In truth, few 1963 U.S. cities would bear up well under scrutiny from 2013 eyes. America changed, and Dallas changed with it — more than many cities, perhaps, because it had a longer way to go. On balance, this has been a positive drawn from our introspection.
Another is the openness of our rumination. The events today in Dealey Plaza, remembering the 50th anniversary of a president’s death, are years in the making. City leaders, elected and unelected, have weighed competing priorities to find an appropriate ceremony that, importantly, strikes the right tone.

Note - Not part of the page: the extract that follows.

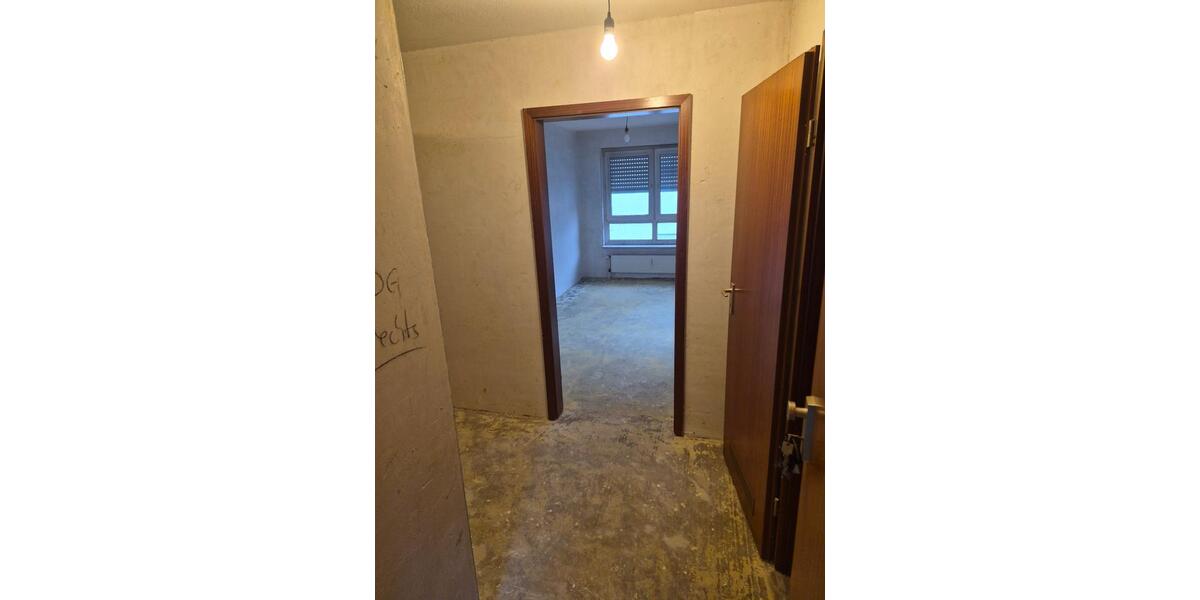 Etagenwohnung Waiblingen Bittenfeld - 3 Zimmer, 77 m&sup2;, 280.000&euro; | Angebot:26824434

Despite what some outsiders might argue, Dallas has not shied away from hard questions. This, too, says something important about our city, even if fewer than 10 percent of its residents today were here on Nov. 22, 1963. This story, this event, belongs to all of us.
Which is why Dallas will resist the temptation to simply move beyond this moment, if that means shoving it onto some forgotten bookshelf.
A president was killed here for reasons that died with his killer. It does us no good to pretend this didn’t happen 50 years ago. From this terrible day and all the ones that follow, we will keep learning about ourselves and our city.